— DATASET SECTION —
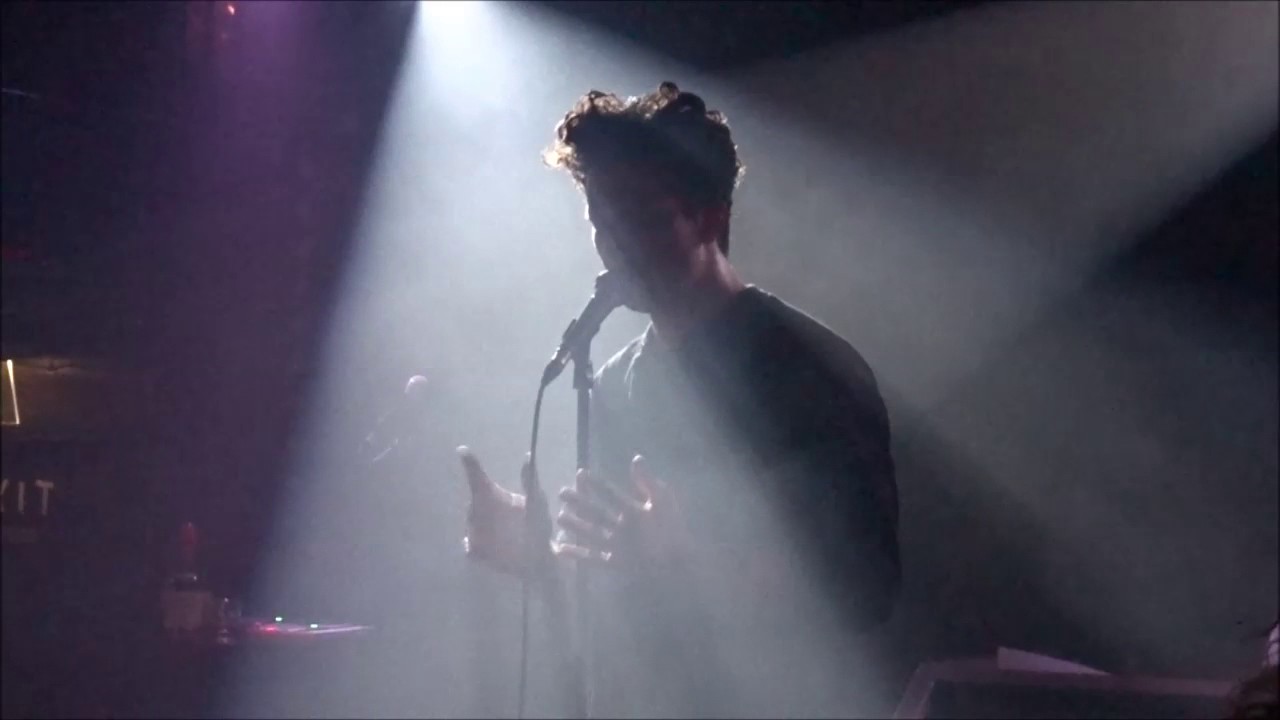 Francis and the Lights - It's a Love Song?, Bitterzoet 07-03-2017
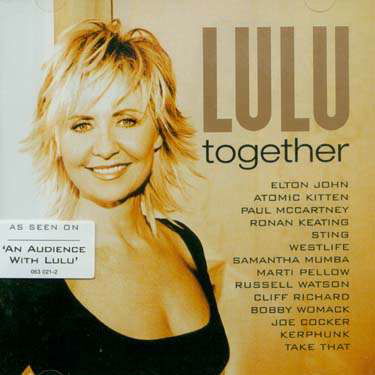 Cover for Lulu · Together (CD) (2002)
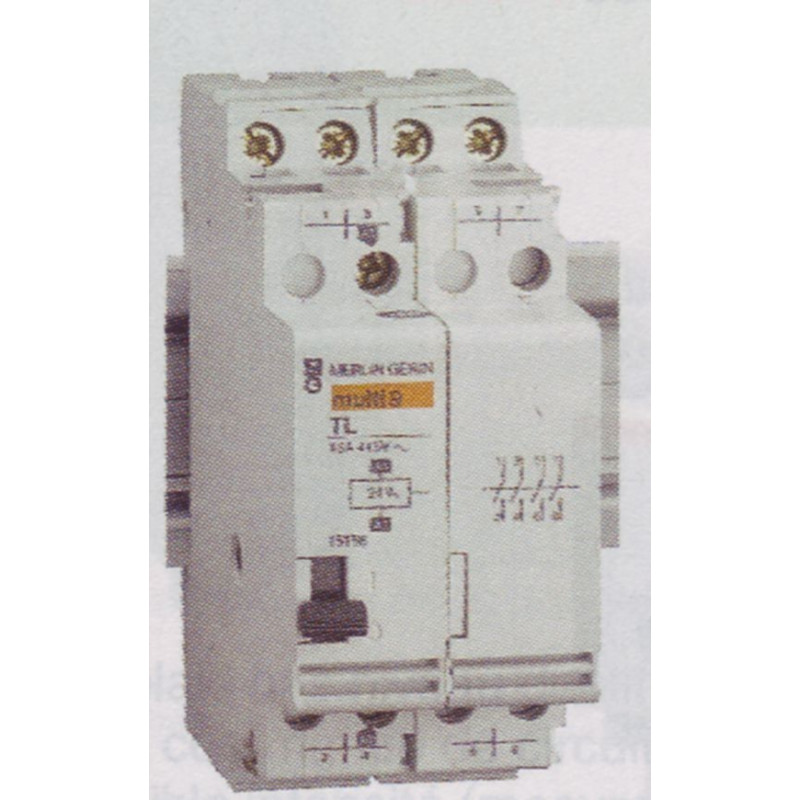 TELERUPTEUR 4P 230V AC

— HOW TO COMPLETE THIS TASK —
The material should be duplicated word for word, with no images included.

— REPLY TO THE EXERCISE —
 Francis and the Lights - It's a Love Song?, Bitterzoet 07-03-2017
 Cover for Lulu · Together (CD) (2002)
 TELERUPTEUR 4P 230V AC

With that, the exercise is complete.